Exercise prompt -> Make an exact copy of all the entries below, with the pictures left out.

------------------------------------

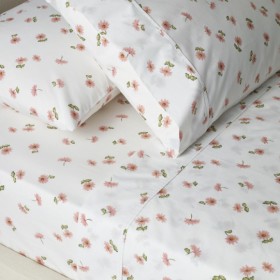 Heritage-Printed-Cotton-Blend-CVC-Sheet-Set on sale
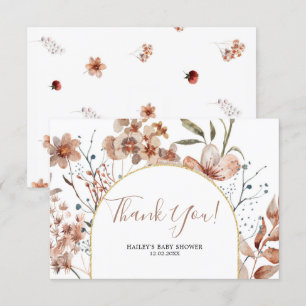 Fall Boho Baby Shower - tackkort Tack Kort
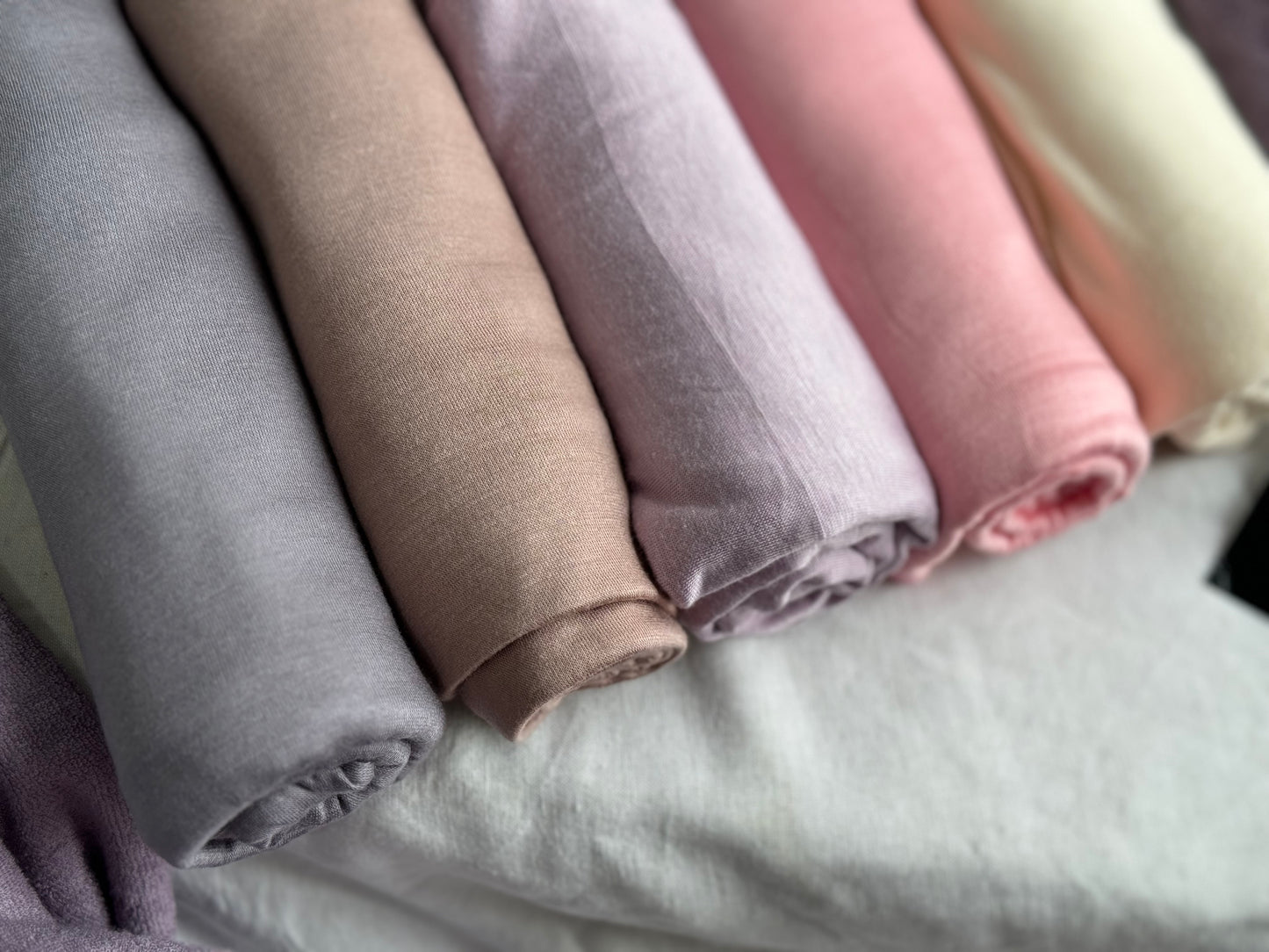 Pastel Hijabs - Set of 5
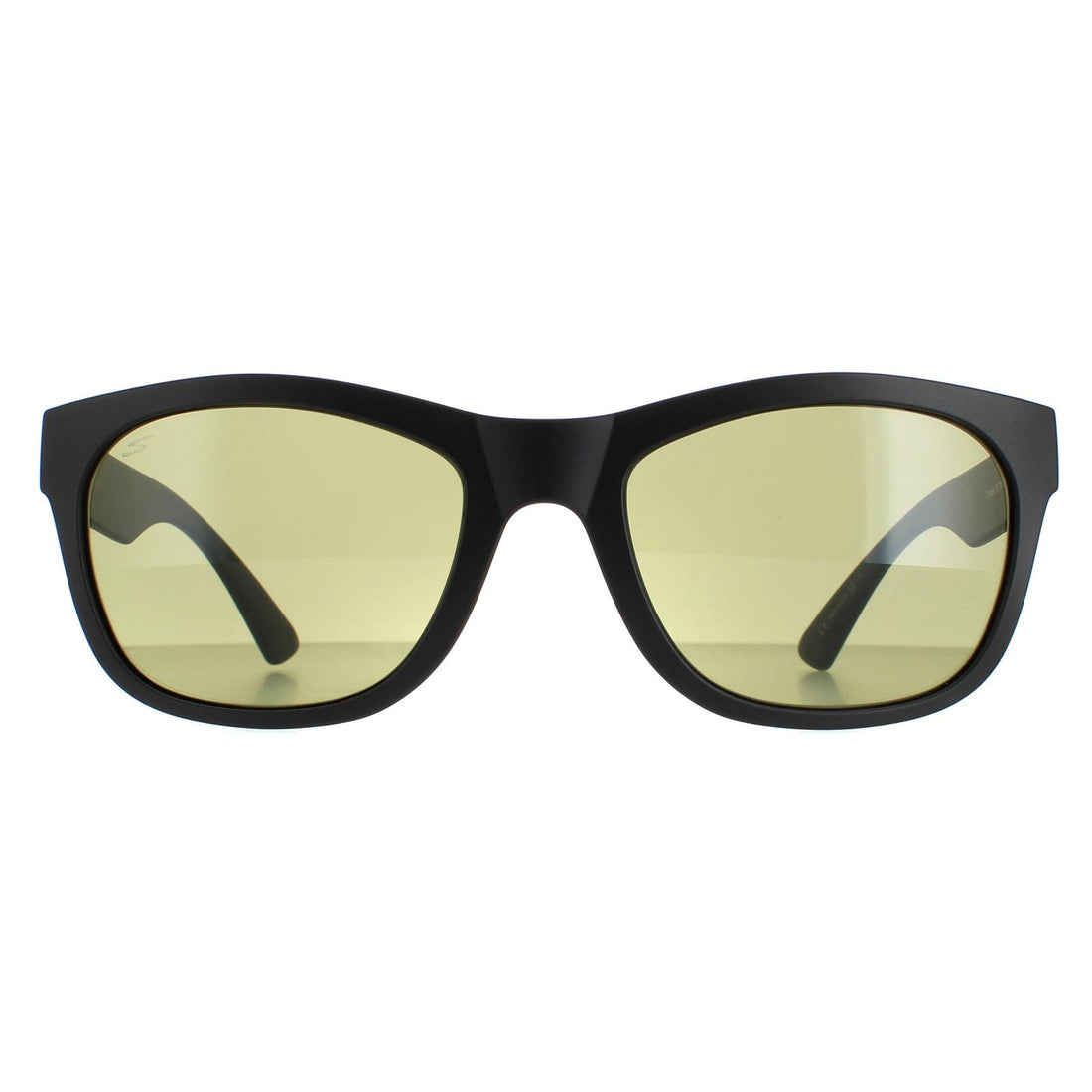Serengeti Chandler Sunglasses Matte Black Saturn Green 555nm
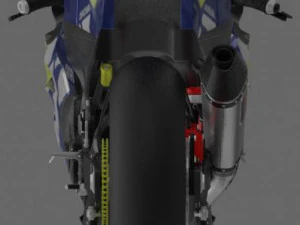 suzuki gsx r 1000 ecstar livery 3D Model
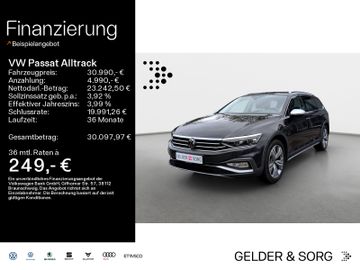 Volkswagen Leasingangebot: Volkswagen Passat Alltrack 2.0 TDI 4M*RFK*Matrix*AHK*H&K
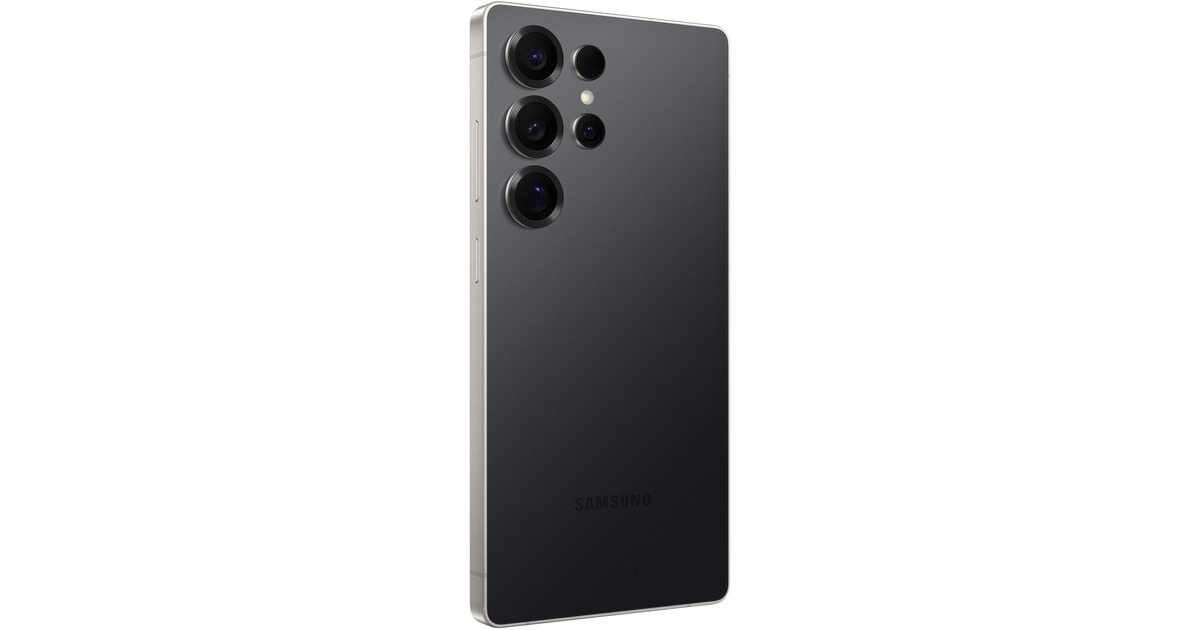 SAMSUNGGalaxy S25 Ultra smartphone  (Donkergrijs, 256 GB, Dual-SIM, Android)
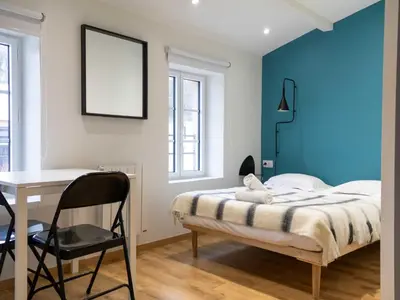 Un ou plusieurs lits dans un hébergement de l'établissement DIFY Rue des Docks - Vaise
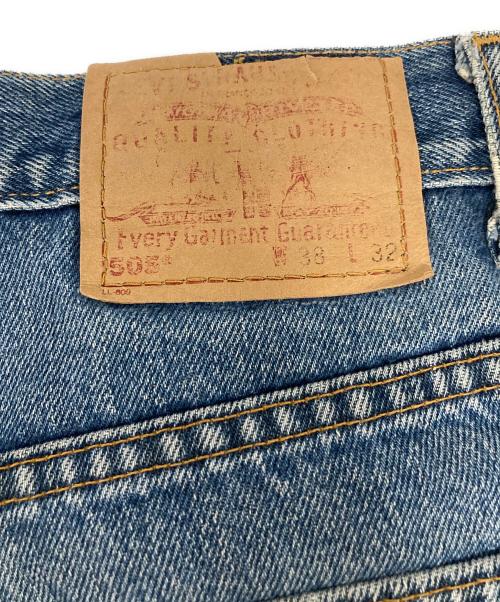 LEVI'S（リーバイス）LEVI'S (リーバイス) 505デニムパンツ インディゴ サイズ:W38/L32の古着・服飾アイテム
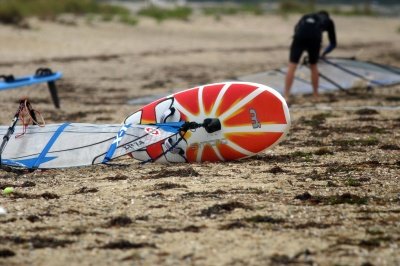 Louisa Gould - Windsurfing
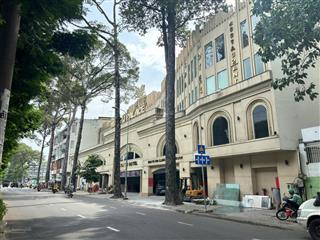 Giảm 76 tỷ về 68 tỷ bán gấp toà văn phòng 900m2 sàn măt tiền hùng vương hầm 7 tầng công viên quận 5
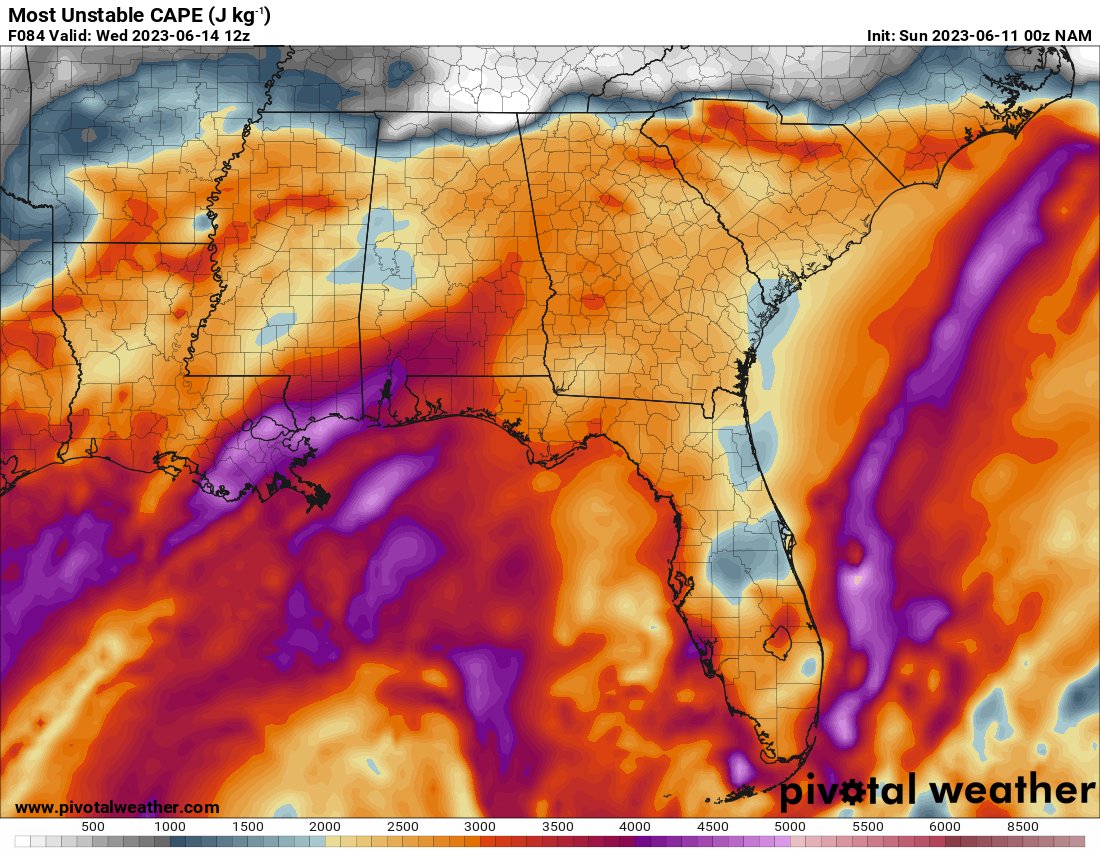 Is June the new April?
#gawx #wxtwitter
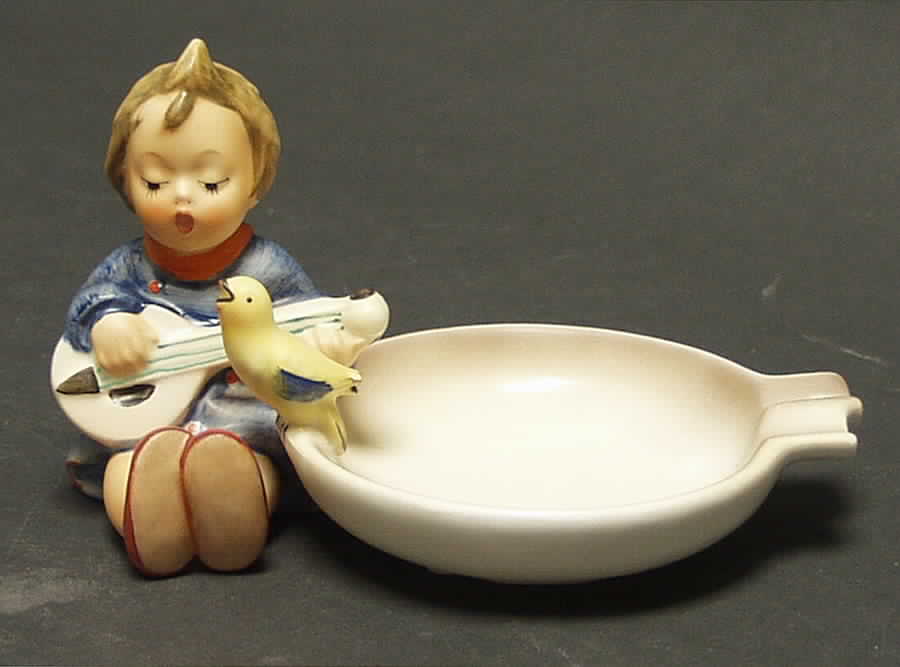 Joyful Ashtray Tm5-Joyful Ashtray - Boxed by M.I. Hummel-1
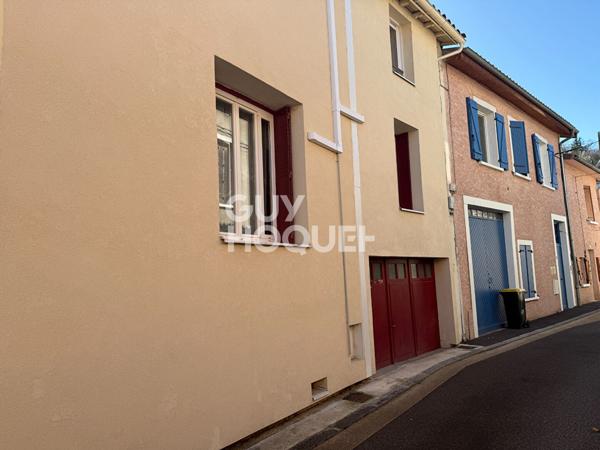 Grande maison de ville de 127 m² à rénover sur GIVORS CENTRE (69700)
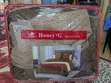 Lines Bedcover Six by Six - 2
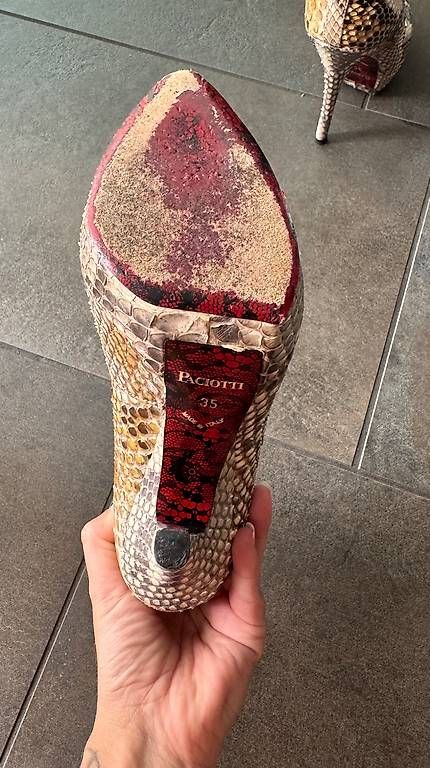 Damenschuhe: Cesare Paciotti High Heels – Gebraucht aus Unterengstringen von bar_d8mn 3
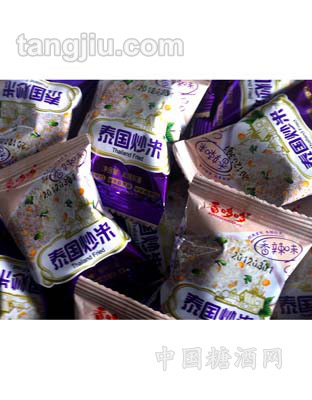 香哆哆散装泰国炒米香辣味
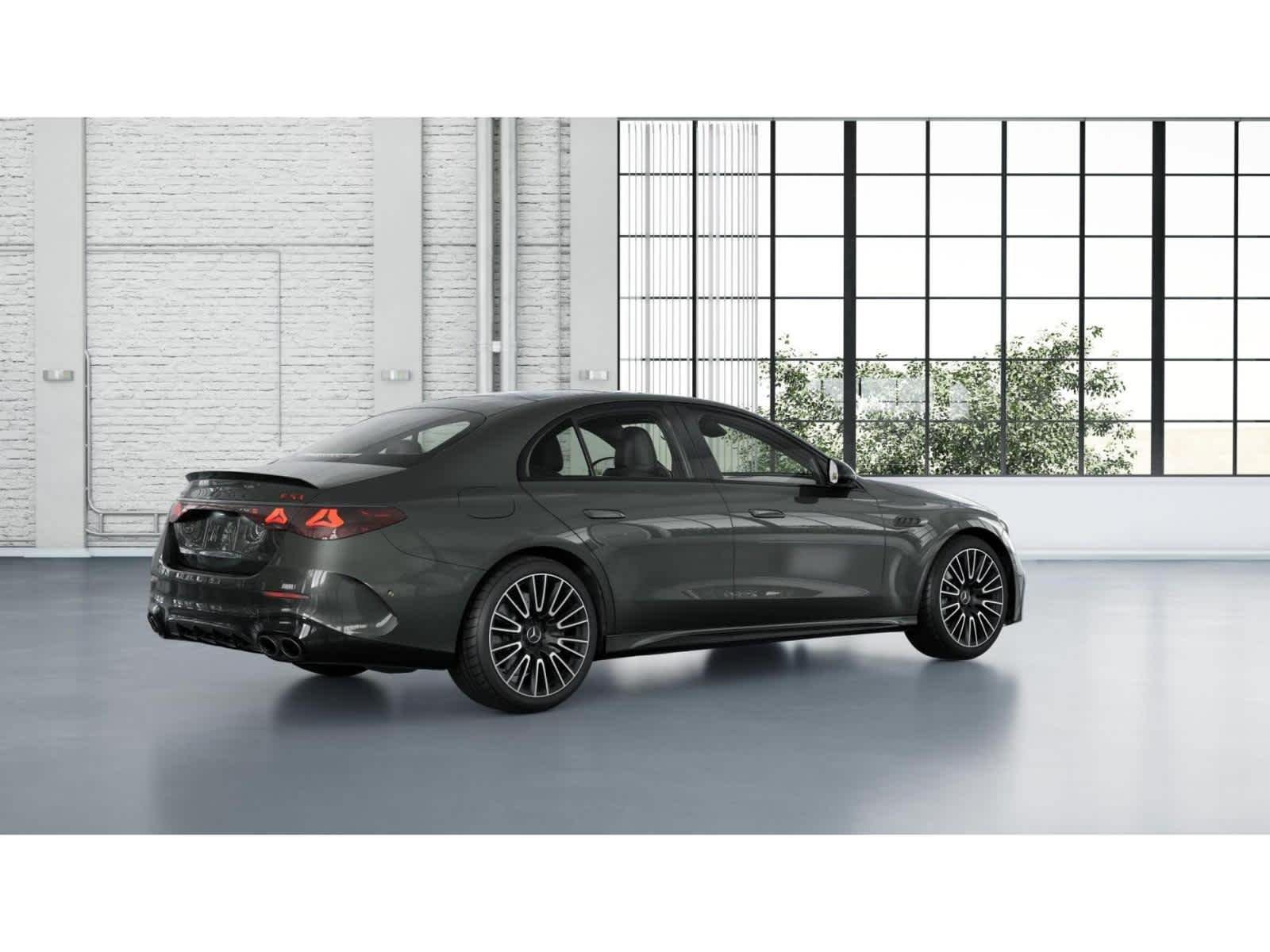 New 2027 Graphite Grey Metallic Mercedes-Benz AMG® E 53 Hybrid image 19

------------------------------------

Task output ->
 Heritage-Printed-Cotton-Blend-CVC-Sheet-Set on sale
 Fall Boho Baby Shower - tackkort Tack Kort
 Pastel Hijabs - Set of 5
Serengeti Chandler Sunglasses Matte Black Saturn Green 555nm
 suzuki gsx r 1000 ecstar livery 3D Model
 Volkswagen Leasingangebot: Volkswagen Passat Alltrack 2.0 TDI 4M*RFK*Matrix*AHK*H&K
 SAMSUNGGalaxy S25 Ultra smartphone  (Donkergrijs, 256 GB, Dual-SIM, Android)
 Un ou plusieurs lits dans un hébergement de l'établissement DIFY Rue des Docks - Vaise
 LEVI'S（リーバイス）LEVI'S (リーバイス) 505デニムパンツ インディゴ サイズ:W38/L32の古着・服飾アイテム
 Louisa Gould - Windsurfing
 Giảm 76 tỷ về 68 tỷ bán gấp toà văn phòng 900m2 sàn măt tiền hùng vương hầm 7 tầng công viên quận 5
 Is June the new April?
#gawx #wxtwitter
 Joyful Ashtray Tm5-Joyful Ashtray - Boxed by M.I. Hummel-1
 Grande maison de ville de 127 m² à rénover sur GIVORS CENTRE (69700)
 Lines Bedcover Six by Six - 2
 Damenschuhe: Cesare Paciotti High Heels – Gebraucht aus Unterengstringen von bar_d8mn 3
 香哆哆散装泰国炒米香辣味
 New 2027 Graphite Grey Metallic Mercedes-Benz AMG® E 53 Hybrid image 19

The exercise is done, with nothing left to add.